We don't know what causes pitchers to blow out their elbows, so no one can say if Fosnacht put himself at any risk. Maybe it's throwing too many pitches. Maybe it's throwing too often. Maybe it's throwing with too much velocity (Fosnacht throws a fastball in the low 80s). Maybe it's throwing breaking pitches too young. Maybe breaking pitches have nothing to do with it.

We don't know the ramifications, but we know that 194 is a cartoonishly high pitch count. That's setting in too for Fosnacht's coach, Jerry Striegel. Striegel spoke with Big League Stew's David Brown, and admitted to post hoc second thoughts:

"I realize that it was way too many pitches," Striegel told Big League Stew in a phone interview Thursday morning. "I can understand everybody's concern about it. And I would tell you too that I am concerned also. I probably would change the decision today."

Fosnacht, naturally, doesn't regret a damn thing. He says he felt fine, didn't want to be taken out, and "loved every minute of it." Of course, no one's criticizing him—no one expects a pitcher to want to come out of a game. That's on his coach. Striegel agrees.

"The biggest issue I have right now is," Striegel said, pausing a moment. "I know that the mentality of a pitcher is, 'Give me the ball and I'll get it done.' I think that's where I sat most of the day. Hindsight being what it is, I know that I should not have gone that long with him. I should have stepped in as a coach and said, 'It's time.' And I did not do that."
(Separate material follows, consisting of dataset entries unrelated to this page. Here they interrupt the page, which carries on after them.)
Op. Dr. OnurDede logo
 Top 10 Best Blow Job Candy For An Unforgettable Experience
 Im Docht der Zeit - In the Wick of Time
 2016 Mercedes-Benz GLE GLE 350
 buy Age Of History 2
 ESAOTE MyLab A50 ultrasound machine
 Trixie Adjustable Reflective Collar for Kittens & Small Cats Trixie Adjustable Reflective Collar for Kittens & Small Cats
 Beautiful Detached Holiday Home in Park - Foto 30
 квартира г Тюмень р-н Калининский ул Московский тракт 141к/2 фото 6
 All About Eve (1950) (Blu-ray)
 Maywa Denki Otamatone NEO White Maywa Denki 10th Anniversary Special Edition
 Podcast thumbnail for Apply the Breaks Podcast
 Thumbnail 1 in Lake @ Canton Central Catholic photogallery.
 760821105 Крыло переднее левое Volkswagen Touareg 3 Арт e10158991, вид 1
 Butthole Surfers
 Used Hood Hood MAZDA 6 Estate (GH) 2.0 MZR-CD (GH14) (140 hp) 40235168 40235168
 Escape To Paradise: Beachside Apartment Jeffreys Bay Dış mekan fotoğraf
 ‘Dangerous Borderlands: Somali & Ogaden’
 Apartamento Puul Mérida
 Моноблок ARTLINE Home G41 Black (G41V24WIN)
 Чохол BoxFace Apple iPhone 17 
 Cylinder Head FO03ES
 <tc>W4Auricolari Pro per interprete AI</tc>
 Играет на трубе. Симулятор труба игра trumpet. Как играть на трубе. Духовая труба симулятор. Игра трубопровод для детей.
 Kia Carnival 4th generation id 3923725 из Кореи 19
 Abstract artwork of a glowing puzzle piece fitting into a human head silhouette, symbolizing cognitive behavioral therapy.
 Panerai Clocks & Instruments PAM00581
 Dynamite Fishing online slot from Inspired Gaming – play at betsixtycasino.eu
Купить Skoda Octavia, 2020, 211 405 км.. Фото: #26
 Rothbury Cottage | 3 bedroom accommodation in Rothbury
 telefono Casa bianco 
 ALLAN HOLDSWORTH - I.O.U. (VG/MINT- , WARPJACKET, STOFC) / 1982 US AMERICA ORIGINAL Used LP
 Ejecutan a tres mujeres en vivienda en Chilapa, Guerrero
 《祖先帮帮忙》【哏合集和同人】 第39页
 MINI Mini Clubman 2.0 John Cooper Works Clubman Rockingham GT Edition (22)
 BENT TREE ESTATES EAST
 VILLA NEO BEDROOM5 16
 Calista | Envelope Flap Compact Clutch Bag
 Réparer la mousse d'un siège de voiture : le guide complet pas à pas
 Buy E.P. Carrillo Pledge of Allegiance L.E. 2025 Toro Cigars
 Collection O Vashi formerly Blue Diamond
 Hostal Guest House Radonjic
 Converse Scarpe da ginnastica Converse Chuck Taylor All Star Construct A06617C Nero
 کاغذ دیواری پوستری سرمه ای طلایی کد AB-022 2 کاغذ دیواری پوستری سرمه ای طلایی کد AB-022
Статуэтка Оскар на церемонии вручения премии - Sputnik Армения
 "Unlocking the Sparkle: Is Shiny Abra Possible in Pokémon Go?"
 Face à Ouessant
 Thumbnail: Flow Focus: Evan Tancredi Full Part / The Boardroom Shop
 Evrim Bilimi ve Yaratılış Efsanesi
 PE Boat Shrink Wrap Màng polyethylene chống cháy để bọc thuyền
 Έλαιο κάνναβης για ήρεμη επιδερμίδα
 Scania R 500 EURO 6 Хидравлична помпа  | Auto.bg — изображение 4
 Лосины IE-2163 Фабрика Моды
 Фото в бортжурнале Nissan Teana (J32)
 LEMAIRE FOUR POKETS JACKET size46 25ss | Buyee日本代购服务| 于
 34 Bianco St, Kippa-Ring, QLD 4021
But there's context to Fosnacht's performance that really shouldn't be overlooked—he's not going to be a pitcher for very long. Rochester is in one of the lowest divisions of baseball, and Fosnacht doesn't plan on pitching in college. These are the playoffs, and he's a senior, so he literally may have been throwing his last game of competitive baseball. If ever there's a time to shoot your arm to hell for small-town glory, this was it.

Of course, maybe he changes his tune in a few years if his elbow needs work and his insurance doesn't cover it.